If I could only be sure all the lessons I have been teaching you are sinking in. If they are all being understood. How can I tell you about disappointments? You’ll have them, you know. And they will be painful, they’ll hurt, they’ll shatter your ego, leave your confidence naked, and sometimes even cripple your dreams.
But people don’t die from disappointments.
They usually rise up even stronger. Sometimes the thunder is a reminder of the calm.
But…I want you to fall flat on your face some days. I want you to hear the words “No.” “You Can’t do it.” “You’re out!” “You blew it.” “You’re just not what we are looking for.” “I don’t want to go out with you.”
All of these words will hurt, but people don’t die from them.
I want you to strike out swinging, get picked last, have your heart broken, try really hard but still fail, and wait in the rain for someone that never shows.
All of these actions will hurt, but people don’t die from them.
Adults tell children all the time, “These are the best times of your life.”
But, are they?
I don’t think they are.
Sometimes when adults say this to children, I look in their eyes.

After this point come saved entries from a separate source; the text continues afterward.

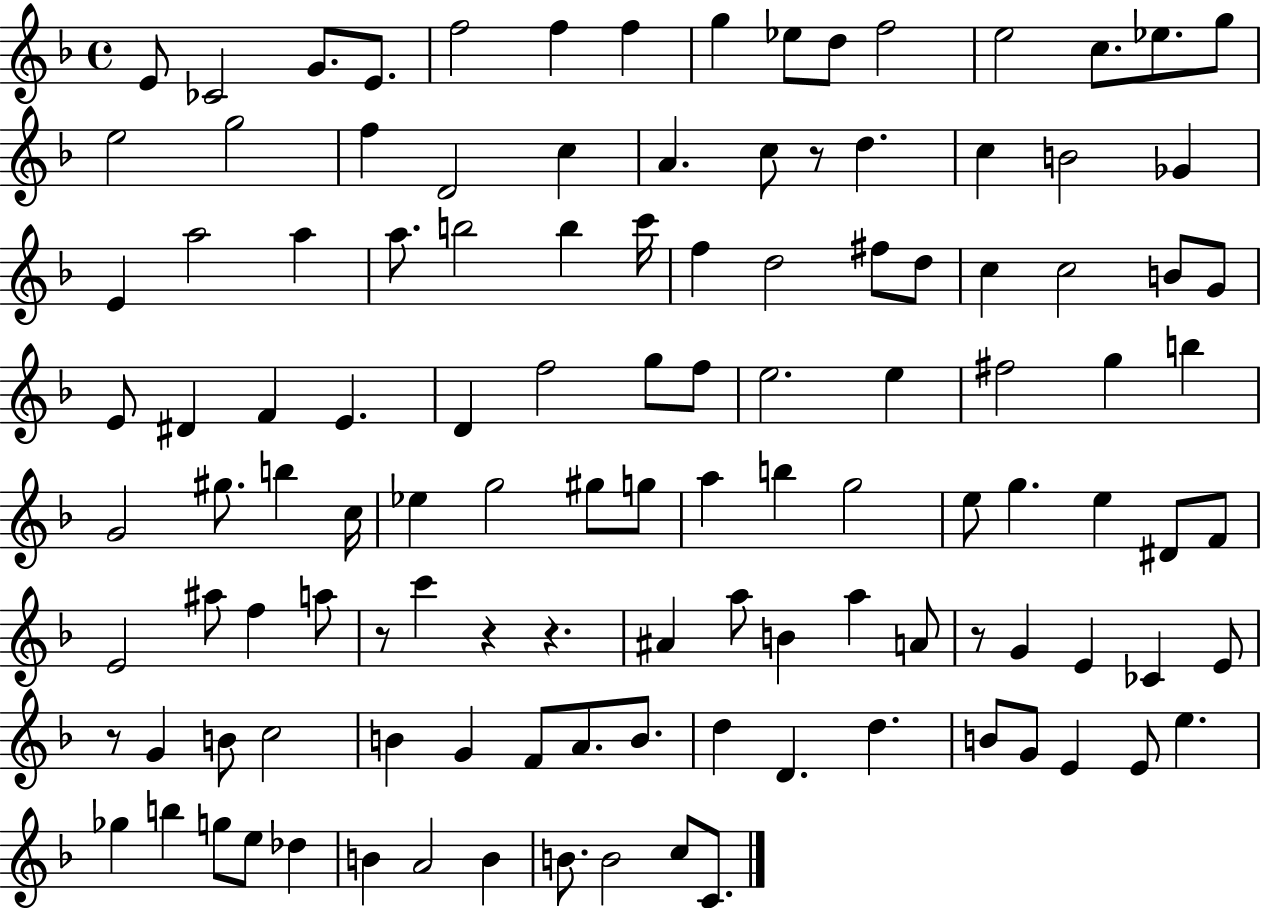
X:1
T:Untitled
M:4/4
L:1/4
K:F
E/2 _C2 G/2 E/2 f2 f f g _e/2 d/2 f2 e2 c/2 _e/2 g/2 e2 g2 f D2 c A c/2 z/2 d c B2 _G E a2 a a/2 b2 b c'/4 f d2 ^f/2 d/2 c c2 B/2 G/2 E/2 ^D F E D f2 g/2 f/2 e2 e ^f2 g b G2 ^g/2 b c/4 _e g2 ^g/2 g/2 a b g2 e/2 g e ^D/2 F/2 E2 ^a/2 f a/2 z/2 c' z z ^A a/2 B a A/2 z/2 G E _C E/2 z/2 G B/2 c2 B G F/2 A/2 B/2 d D d B/2 G/2 E E/2 e _g b g/2 e/2 _d B A2 B B/2 B2 c/2 C/2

They look like they just ate the entire package of Peeps and decided to get on the merry-go-round at the park. (Sad to say, I’m speaking from experience.)
Everyone keeps telling them they are having a great time but they really would like to get off.

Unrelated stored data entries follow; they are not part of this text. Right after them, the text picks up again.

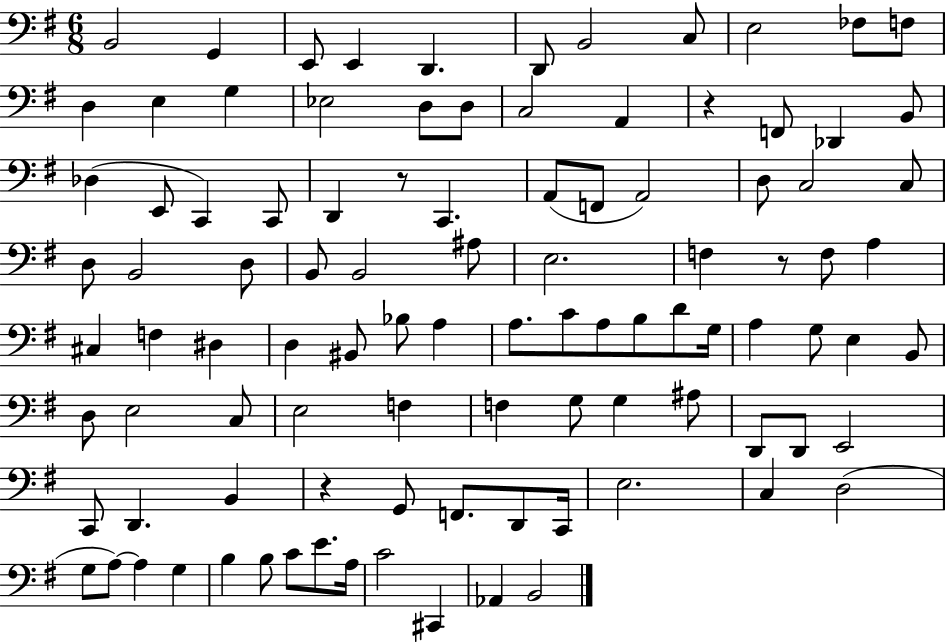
X:1
T:Untitled
M:6/8
L:1/4
K:G
B,,2 G,, E,,/2 E,, D,, D,,/2 B,,2 C,/2 E,2 _F,/2 F,/2 D, E, G, _E,2 D,/2 D,/2 C,2 A,, z F,,/2 _D,, B,,/2 _D, E,,/2 C,, C,,/2 D,, z/2 C,, A,,/2 F,,/2 A,,2 D,/2 C,2 C,/2 D,/2 B,,2 D,/2 B,,/2 B,,2 ^A,/2 E,2 F, z/2 F,/2 A, ^C, F, ^D, D, ^B,,/2 _B,/2 A, A,/2 C/2 A,/2 B,/2 D/2 G,/4 A, G,/2 E, B,,/2 D,/2 E,2 C,/2 E,2 F, F, G,/2 G, ^A,/2 D,,/2 D,,/2 E,,2 C,,/2 D,, B,, z G,,/2 F,,/2 D,,/2 C,,/4 E,2 C, D,2 G,/2 A,/2 A, G, B, B,/2 C/2 E/2 A,/4 C2 ^C,, _A,, B,,2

No one has immunity from disappointments.
The day you were born, you began to worry: worry about the dark, noises, going down the drain when taking a bath, strangers, people dropping you, or not picking you up, or that man that said he stole your nose…would actually really steal it.

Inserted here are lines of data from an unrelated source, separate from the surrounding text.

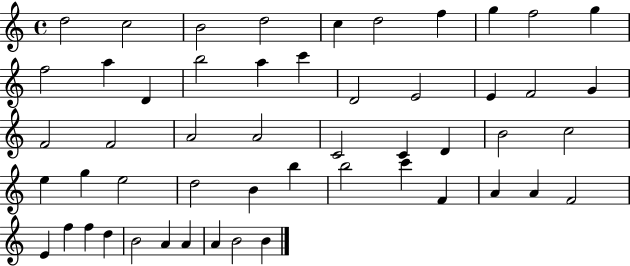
{
  \clef treble
  \time 4/4
  \defaultTimeSignature
  \key c \major
  d''2 c''2 | b'2 d''2 | c''4 d''2 f''4 | g''4 f''2 g''4 | \break f''2 a''4 d'4 | b''2 a''4 c'''4 | d'2 e'2 | e'4 f'2 g'4 | \break f'2 f'2 | a'2 a'2 | c'2 c'4 d'4 | b'2 c''2 | \break e''4 g''4 e''2 | d''2 b'4 b''4 | b''2 c'''4 f'4 | a'4 a'4 f'2 | \break e'4 f''4 f''4 d''4 | b'2 a'4 a'4 | a'4 b'2 b'4 | \bar "|."
}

Later, you started to worry about other things like spending the night with our best friend and missing your mom, people you love leaving and not coming back, telling the truth even though it would hurt, and knowing the answers to the questions when the teacher calls on you.
And then, some heavy stuff starts to hit. Worrying about not being enough, not having friends, not being accepted, what you want to be when you grow up, college, money, and marriage.
Worrying is normal.
We all do it.
But nothing like a parent’s worry. You see, we are responsible for your life. Heck, we brought you into this world and we can really mess you up. (It’s why we all fret over your name for 9 months.)
There is so much to teach you and time goes so fast…
If I could only be sure you are listening and understanding just how much I love you.